(Beginning of DATA)

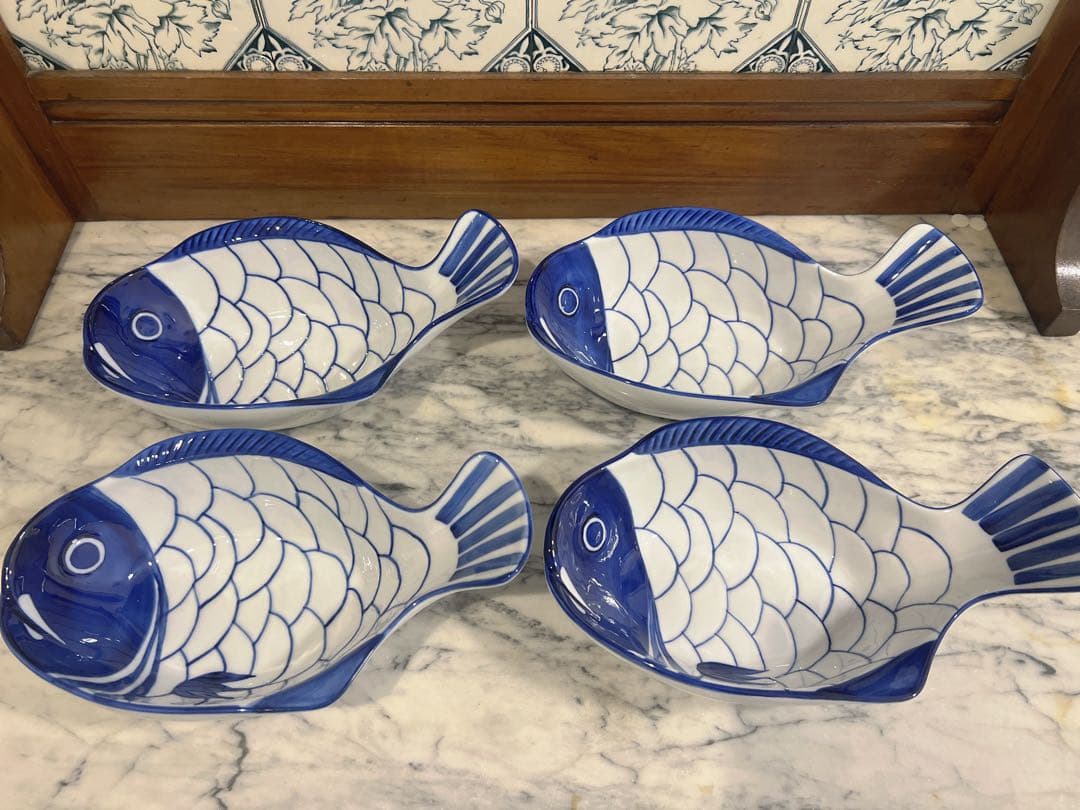 DANSK ダンスク チャウダーボール 24cm アラベスク 魚 セット DANSK（ダンスク） チャウダーボウル 24cm アラベスク （ 食洗機対応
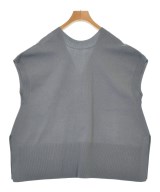 UNITED ARROWS（ユナイテッドアローズ）ベスト グレー サイズ:F レディース/2200680820020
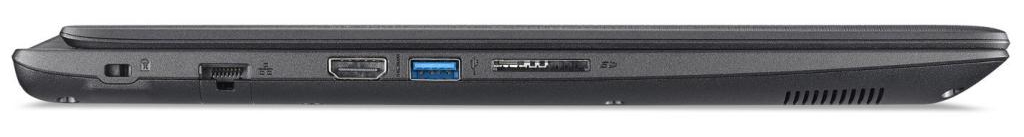 Ноутбук Acer Aspire 3 Aspire3 A315-51 Black 15.6” / 4 ГБ / / Core i3 / HD Graphics 520 / Черный photo 3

(End of DATA)

A word-for-word copy of the listing is needed, with no pictures in it.

_REPLY_:
 DANSK ダンスク チャウダーボール 24cm アラベスク 魚 セット DANSK（ダンスク） チャウダーボウル 24cm アラベスク （ 食洗機対応
 UNITED ARROWS（ユナイテッドアローズ）ベスト グレー サイズ:F レディース/2200680820020
 Ноутбук Acer Aspire 3 Aspire3 A315-51 Black 15.6” / 4 ГБ / / Core i3 / HD Graphics 520 / Черный photo 3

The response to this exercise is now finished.